Not without a complete program rewrite. It is possible to design recursive functions that the compiler might inline, which then do not come with any stack peak usage. But in order for that to be possible, the recursion must typically be a so called tail call, where the recursive call is at the very bottom of the function. The function should also be declared static to ensure internal linkage. But even then there's no guarantee of the compiler being able to inline.
As it turns out, the best practice is to avoid recursion entirely.
So how to solve it? You can replace any recursive function with a loop, but in that case there is no automatic stacking of parameters. One way to solve that is to develop your own stack-like data type and have a custom made stack on the side and push/pop in that one from the loop. This stack type could then use malloc or whatever you like internally. On the other hand, you have a ton of parameters there - in case you actually don't need a local copy of each and every one of them, you can just store the result in a single variable shared by all iterations of the loop.
Another way is to integrate a parent/child or prev/next system in the data itself.
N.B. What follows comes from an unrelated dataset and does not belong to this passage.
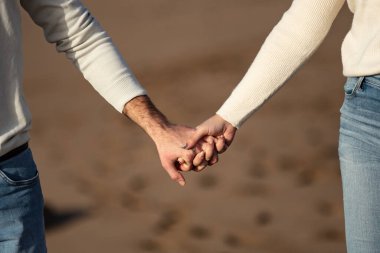 Aşıkların elleri birleşti, el ele, aşk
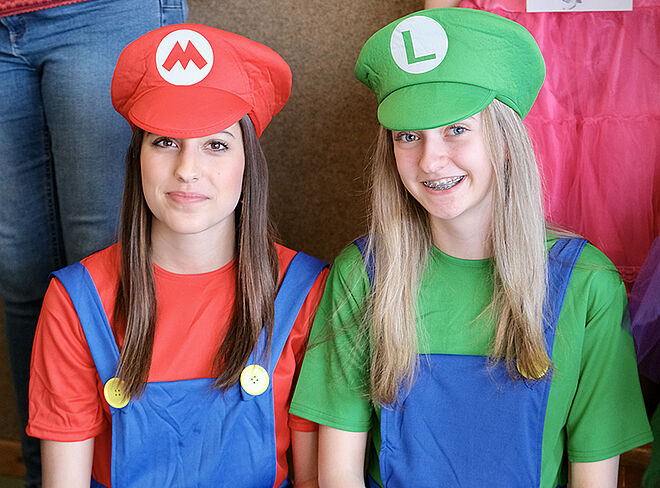 Schülerinnen verkleidet als Mario und Luigi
For example if the purpose of the recursion was to search through a BST, you could give each node a parent pointer, so that when you run into a "leaf" with a null pointer both to the left and right, you can continue execution from the parent. The disadvantage of this method is that it consumes extra space together with the data.
Either way, a fair bit of extra work. But once you've done it and done it proper, it should by definition execute faster, or at least not slower, than what you have currently. Since recursion comes with execution speed overhead.